Vehicle is all solid 3-staged. Explosion ~5s into flight, right after immediate pitchover. Reportedly company explained that onboard auto FTS activated according to local media. Post-launch conference is/was currently planned 13:30 JST(0430 UTC). No more information for now.

e: conference now re-scheduled to 14:00(0500 UTC), 3p live: https://www.youtube.com/watch?v=3F5dHsgBMMU

> Vehicle is all solid 3-staged.

I once embarked on an R&D program to make a 2-stage rocket out of bottle rockets. I'd tape the second engine under the first, and the first's fuse midway along the 2nd's fuse. Then light the lower engine's fuse.

It was nothing but explosion after explosion, the top engine would never ignite, or sometimes fall to earth and then ignite. But being a Certified Rocket Scientist, I doggedly soldiered on. Finally, success!! The rocket rose up about 10 feet till the lower engine was exhausted, then the top engine ignited! Woo-hoo! It launched skyward another 10 feet before exploding.

I was never able to duplicate that stupendous success. I bet Musk could have made it work reliably!

Estes rocket motors always supported multi-staging.
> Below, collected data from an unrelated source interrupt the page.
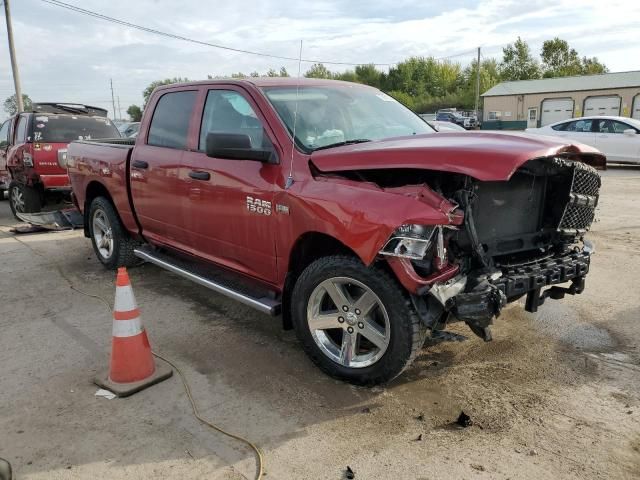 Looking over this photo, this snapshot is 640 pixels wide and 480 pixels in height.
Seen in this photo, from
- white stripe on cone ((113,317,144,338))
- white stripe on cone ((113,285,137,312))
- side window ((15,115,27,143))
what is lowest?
white stripe on cone ((113,317,144,338))

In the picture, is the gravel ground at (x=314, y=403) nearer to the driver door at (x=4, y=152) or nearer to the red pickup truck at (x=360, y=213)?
the red pickup truck at (x=360, y=213)

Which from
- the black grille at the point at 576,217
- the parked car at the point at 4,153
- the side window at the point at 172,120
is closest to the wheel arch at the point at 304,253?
the black grille at the point at 576,217

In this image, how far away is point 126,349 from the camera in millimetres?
3488

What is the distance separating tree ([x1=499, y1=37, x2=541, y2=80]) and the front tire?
2939 inches

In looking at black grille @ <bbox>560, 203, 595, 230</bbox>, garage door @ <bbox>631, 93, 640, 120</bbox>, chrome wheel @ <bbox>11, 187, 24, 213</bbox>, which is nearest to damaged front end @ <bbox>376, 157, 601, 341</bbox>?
black grille @ <bbox>560, 203, 595, 230</bbox>

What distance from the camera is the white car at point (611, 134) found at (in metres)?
14.8

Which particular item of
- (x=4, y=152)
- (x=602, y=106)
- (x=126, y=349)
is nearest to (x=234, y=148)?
(x=126, y=349)

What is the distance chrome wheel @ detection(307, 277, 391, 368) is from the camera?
326 cm

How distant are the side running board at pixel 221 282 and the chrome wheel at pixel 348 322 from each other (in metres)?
0.39

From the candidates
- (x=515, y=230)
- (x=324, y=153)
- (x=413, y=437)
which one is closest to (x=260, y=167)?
(x=324, y=153)

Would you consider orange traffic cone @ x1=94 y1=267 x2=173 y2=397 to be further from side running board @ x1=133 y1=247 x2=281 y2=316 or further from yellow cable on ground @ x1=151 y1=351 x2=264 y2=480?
side running board @ x1=133 y1=247 x2=281 y2=316

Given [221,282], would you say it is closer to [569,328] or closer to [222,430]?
[222,430]

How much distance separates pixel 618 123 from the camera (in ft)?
49.5

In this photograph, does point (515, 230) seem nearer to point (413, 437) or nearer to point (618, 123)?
point (413, 437) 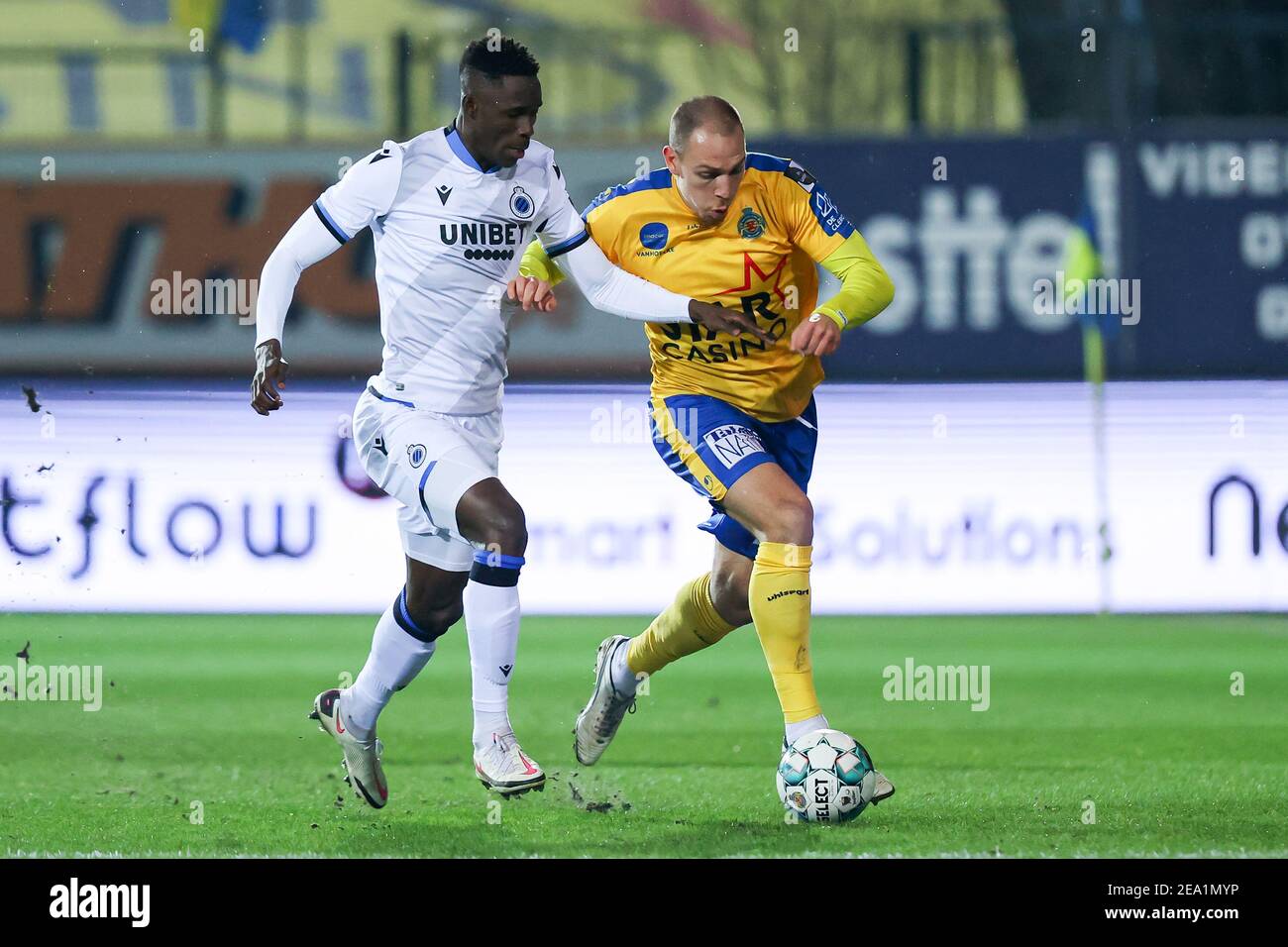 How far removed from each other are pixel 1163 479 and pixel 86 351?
23.0 feet

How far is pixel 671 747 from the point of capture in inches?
277

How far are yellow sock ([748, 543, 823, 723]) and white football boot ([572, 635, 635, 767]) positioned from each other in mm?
1076

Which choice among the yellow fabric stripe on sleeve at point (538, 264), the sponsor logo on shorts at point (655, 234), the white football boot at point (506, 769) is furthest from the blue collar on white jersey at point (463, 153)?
the white football boot at point (506, 769)

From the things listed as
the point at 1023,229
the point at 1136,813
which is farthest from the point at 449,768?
the point at 1023,229

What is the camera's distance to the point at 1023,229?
1180 centimetres

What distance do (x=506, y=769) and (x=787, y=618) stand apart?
2.95ft

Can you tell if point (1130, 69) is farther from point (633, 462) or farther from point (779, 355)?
point (779, 355)

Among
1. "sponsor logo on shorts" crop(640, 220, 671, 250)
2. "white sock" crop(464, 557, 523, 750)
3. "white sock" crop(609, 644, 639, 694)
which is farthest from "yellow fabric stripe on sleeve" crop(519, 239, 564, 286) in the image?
"white sock" crop(609, 644, 639, 694)

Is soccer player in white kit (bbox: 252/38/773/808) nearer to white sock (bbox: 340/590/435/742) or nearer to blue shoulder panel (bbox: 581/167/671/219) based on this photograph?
white sock (bbox: 340/590/435/742)

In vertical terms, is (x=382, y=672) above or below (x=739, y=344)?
below

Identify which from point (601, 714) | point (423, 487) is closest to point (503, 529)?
point (423, 487)

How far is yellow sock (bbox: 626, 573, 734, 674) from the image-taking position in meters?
6.00

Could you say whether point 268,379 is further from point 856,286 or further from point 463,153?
point 856,286

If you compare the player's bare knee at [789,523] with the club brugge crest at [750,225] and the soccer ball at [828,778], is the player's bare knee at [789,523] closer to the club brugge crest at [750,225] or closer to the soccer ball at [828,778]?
the soccer ball at [828,778] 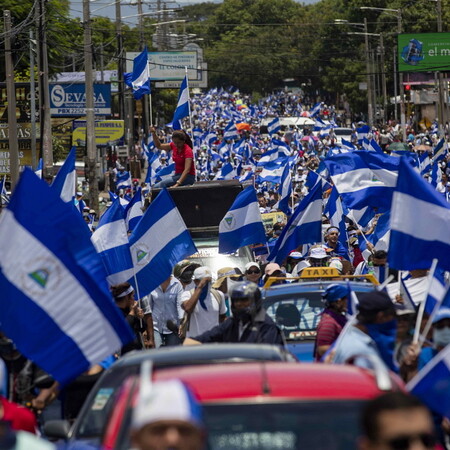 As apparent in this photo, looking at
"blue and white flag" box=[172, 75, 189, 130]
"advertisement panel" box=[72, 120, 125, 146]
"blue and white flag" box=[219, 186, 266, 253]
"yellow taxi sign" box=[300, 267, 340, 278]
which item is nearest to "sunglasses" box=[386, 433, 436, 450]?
"yellow taxi sign" box=[300, 267, 340, 278]

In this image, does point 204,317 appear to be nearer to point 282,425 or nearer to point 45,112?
point 282,425

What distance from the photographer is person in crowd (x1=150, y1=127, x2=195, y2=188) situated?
1944 cm

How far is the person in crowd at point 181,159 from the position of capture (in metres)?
19.4

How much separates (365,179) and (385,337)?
9.25 meters

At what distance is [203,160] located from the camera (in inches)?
1880

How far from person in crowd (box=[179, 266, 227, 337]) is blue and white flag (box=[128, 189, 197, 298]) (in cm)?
40

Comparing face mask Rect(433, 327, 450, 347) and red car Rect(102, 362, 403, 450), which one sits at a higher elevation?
red car Rect(102, 362, 403, 450)

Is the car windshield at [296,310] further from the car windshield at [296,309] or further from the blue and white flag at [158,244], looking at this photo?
the blue and white flag at [158,244]

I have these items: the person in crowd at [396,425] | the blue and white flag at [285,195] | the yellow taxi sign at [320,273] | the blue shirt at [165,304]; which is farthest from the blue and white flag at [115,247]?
the blue and white flag at [285,195]

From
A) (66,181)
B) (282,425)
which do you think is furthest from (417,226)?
(66,181)

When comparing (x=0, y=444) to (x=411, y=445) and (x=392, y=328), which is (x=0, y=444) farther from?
(x=392, y=328)

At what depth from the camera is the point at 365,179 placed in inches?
645

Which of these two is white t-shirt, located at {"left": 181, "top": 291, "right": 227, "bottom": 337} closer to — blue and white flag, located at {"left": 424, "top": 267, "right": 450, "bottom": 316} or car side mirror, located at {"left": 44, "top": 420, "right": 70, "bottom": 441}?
blue and white flag, located at {"left": 424, "top": 267, "right": 450, "bottom": 316}

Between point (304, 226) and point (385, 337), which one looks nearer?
point (385, 337)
I made a ton of many-stage rockets as a kid. In fact, that was probably the biggest development -- how many ridiculous stages could I chain into one rocket?
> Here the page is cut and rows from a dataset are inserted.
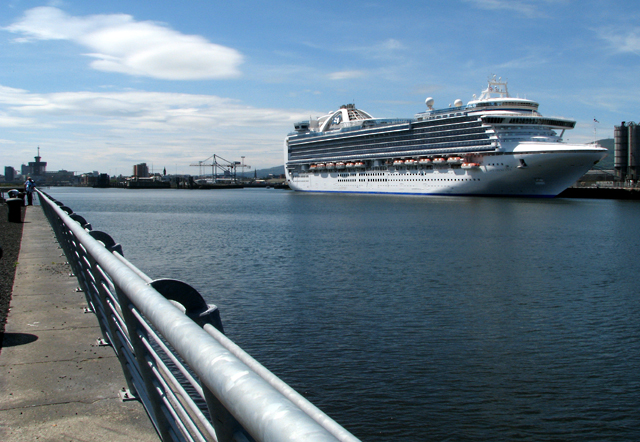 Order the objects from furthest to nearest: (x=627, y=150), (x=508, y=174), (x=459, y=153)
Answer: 1. (x=627, y=150)
2. (x=459, y=153)
3. (x=508, y=174)

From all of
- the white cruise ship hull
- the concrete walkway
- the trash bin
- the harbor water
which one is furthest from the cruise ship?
the concrete walkway

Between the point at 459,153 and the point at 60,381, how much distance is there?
71.3 metres

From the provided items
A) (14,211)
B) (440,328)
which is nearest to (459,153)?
(14,211)

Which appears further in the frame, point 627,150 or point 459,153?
point 627,150

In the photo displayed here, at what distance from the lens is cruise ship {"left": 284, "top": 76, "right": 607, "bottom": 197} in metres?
63.4

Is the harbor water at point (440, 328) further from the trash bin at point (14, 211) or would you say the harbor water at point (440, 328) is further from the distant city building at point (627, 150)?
the distant city building at point (627, 150)

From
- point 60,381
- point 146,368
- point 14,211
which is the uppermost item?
point 14,211

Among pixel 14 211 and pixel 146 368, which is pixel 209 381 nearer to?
pixel 146 368

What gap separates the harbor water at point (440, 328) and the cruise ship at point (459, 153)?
3809 cm

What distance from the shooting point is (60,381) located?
4.44m

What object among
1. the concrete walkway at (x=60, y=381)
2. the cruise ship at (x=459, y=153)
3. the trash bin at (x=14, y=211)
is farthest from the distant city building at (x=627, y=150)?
the concrete walkway at (x=60, y=381)

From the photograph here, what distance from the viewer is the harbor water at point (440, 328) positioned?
795 cm

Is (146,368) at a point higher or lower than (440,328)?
higher

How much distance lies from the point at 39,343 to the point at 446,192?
71.7 meters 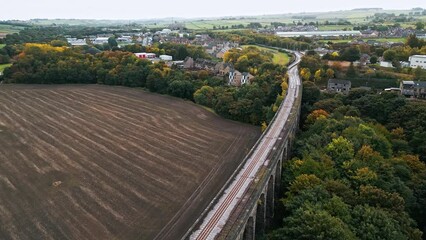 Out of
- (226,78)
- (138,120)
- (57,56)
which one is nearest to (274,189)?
(138,120)

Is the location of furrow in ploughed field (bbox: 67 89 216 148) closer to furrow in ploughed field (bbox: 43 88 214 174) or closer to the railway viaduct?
furrow in ploughed field (bbox: 43 88 214 174)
https://estesrockets.com/products/mongoose

update: Conference is now over. Not much technical statements than "FTS was activated ~5s, all debris/damages localized to company property, we're investigating". No immediate change of plans for flights 2 and 3 - first time asked the answer was worded like "we transport customer assets, missions are theirs", but the second one sounded like "no we're not paying out of pocket for an RTF dummy flight"(both my interpretation).
I wonder participating in ISS was a mistake for Japan. It sucked up most of Japan's space program budget with very little to show for.
Their astronomers and engineers at NAOJ are wonderful. They built (and paid for) the Atacama Compact Array, which forms the center of the ALMA radio-telescope and is part of the Event Horizon Telescope.

https://public.nrao.edu/telescopes/alma/

Isn't participating in ISS itself something to show? What does it mean to have something to show for?
Given that the rocket blew up more or less at launch, it should be full of unspent fuel. How does one put out that fire? I'm guessing there's a lot of energy stored there, so letting it burn through doesn't seem wise.
Running shoes and knowing your escape route.

That stuff is fuel and oxidizer mixed together. It is nearly impossible to stop once it gets started.

I think the only thing to do at that point is contain wildfires ignited by the burning propellant. The other commenter's entirely right: it's not practical to stop a combustion reaction where the fuel and oxidizer are already mixed.